Again, it will be desirable also to take special care to guard the popular mind from a misconception of the nature of the secession itself. In truth, instead of being an instance of the persecuting spirit of the Church, it is a singular example of her forbearing, and conciliatory, and comprehensive temper. If the Church, when restored, had turned out the whole body of the men who had been thrust into her benefices, just as they had turned out the whole body of the orthodox clergy, there would have been something to be said in defence of such a measure. The majority of those men were not, and never had been, clergymen; and the few who had once been so had long since forsworn her doctrines, and vowed to root out her organization. But, on the contrary, the Church made every endeavour to conciliate them, and win them into the Church. They were at once promised that they should be undisturbed until there had been ample time to discuss differences, and to come to some re-settlement of religion; and that all who should ultimately agree to that re-settlement, and should desire to enter into the ministry of the restored Church, should be permitted to do so, and to retain the benefices they held; and Bishoprics, Dignities, and Preferments were at once offered to the most eminent men among them. Two years were spent in the endeavour to conciliate all: but it was found useless to prolong the discussion; because the vast majority were long ago agreed, and the few dissentients showed no disposition to yield even their most trifling scruples. Then, at length, the Church was re-settled on that liberal and comprehensive basis on which it now exists; and three months more of grace were given, during which the door was still open to all who could make up their minds to accept the doctrines of the Church, and to receive her Orders. Would any reasonable man have had the Church allow men to occupy her livings who were not of her clergy, or to teach from her pulpits what was contrary to her doctrine?

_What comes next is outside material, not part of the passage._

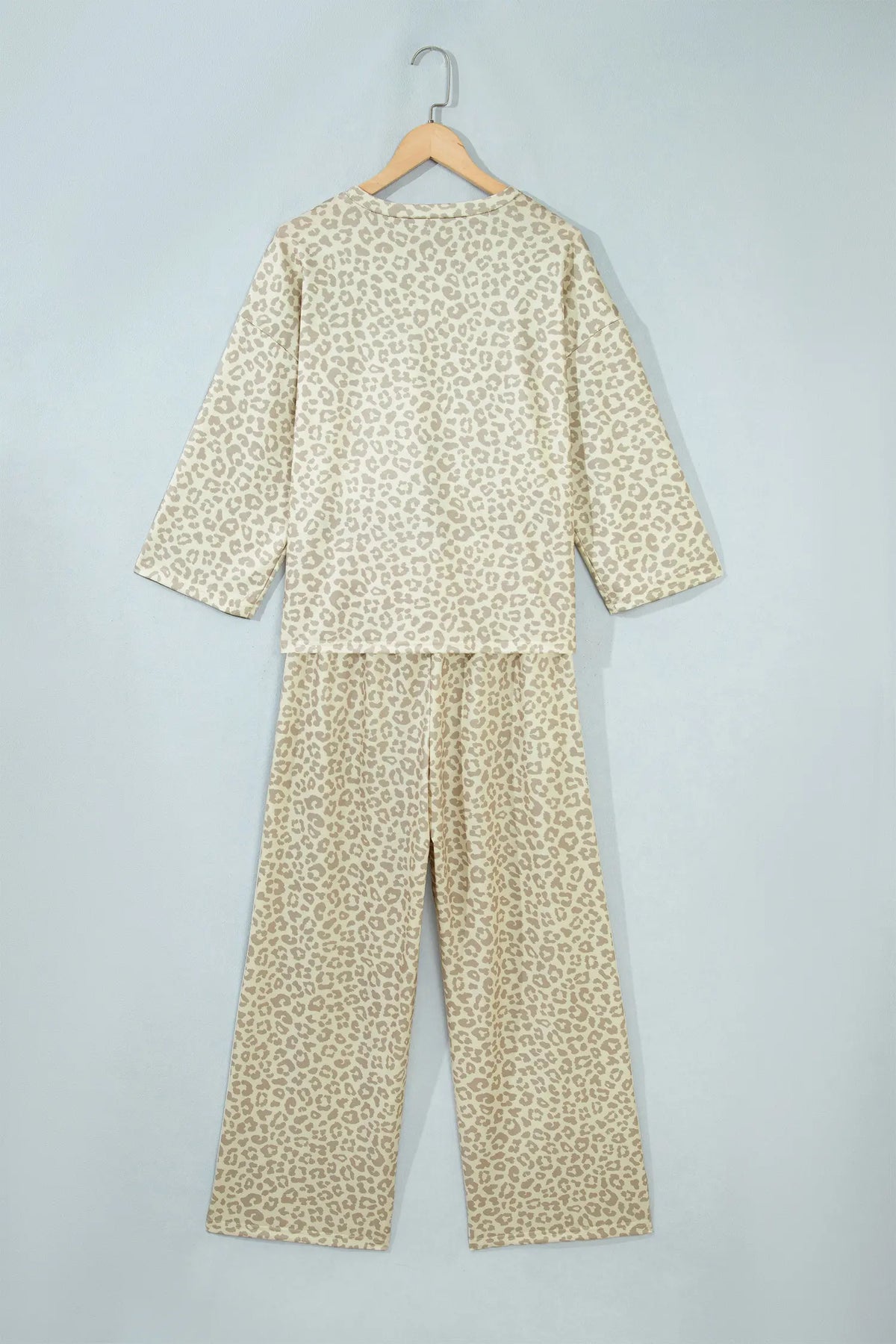 Leopard Print Varsity Striped Detail 3/4 Sleeve Top Shift Pant Set – Pink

In one word, was the secession the fault of the Church, or was it the legacy of evil which the Rebellion left behind?

There is still another point which seems to us ought to underlie all these historical disquisitions. It may be explained that the points on which the "Nonconformist Divines" seceded were not those which the modern political Dissenters allege as the chief points of difference between them and the Church. There is abundant proof that the Nonconformists were strongly in favour of the connection between Church and State; they held endowments, and would fain have continued to hold them; they upheld Church-rate, passed an Act of Parliament to enforce them, and had no scruple about seizing the goods of those who would not pay. They were content to accept a liturgy, and a moderate episcopacy. They spoke very strongly against toleration, and one of their first demands was for more regular confirmations. So that the commemoration of these men would not be a celebration of voluntaryism or liberty of conscience, or any such great principles; it would be a celebration of the mere fact of the secession. It is true that many ministers did secede from the National Church on Bartholomew's Day, 1662, and that their secession was the first great schism among the reformed Christians of England. And we think it may be asked boldly of any ordinary assembly of Englishmen, whether they think the origin of our religious divisions to be a subject for national rejoicing? We feel sure that a great deal of good may be done by pressing home the questions of the failure of Dissent to educate or evangelize the masses, and its lamentable result in dividing the household of Christ against itself, and weakening its hands for every good work. There is a strong yearning after re-union in the minds of great numbers of all denominations of Christians; and we think that this opportunity should be embraced to urge upon our "brethren of the separation" whether the only hope of that blessed event does not lie in their re-union with the Church, in which there is so much with which they sympathize, and which, as they themselves very well know, is the only effectual barrier against the Church of Rome.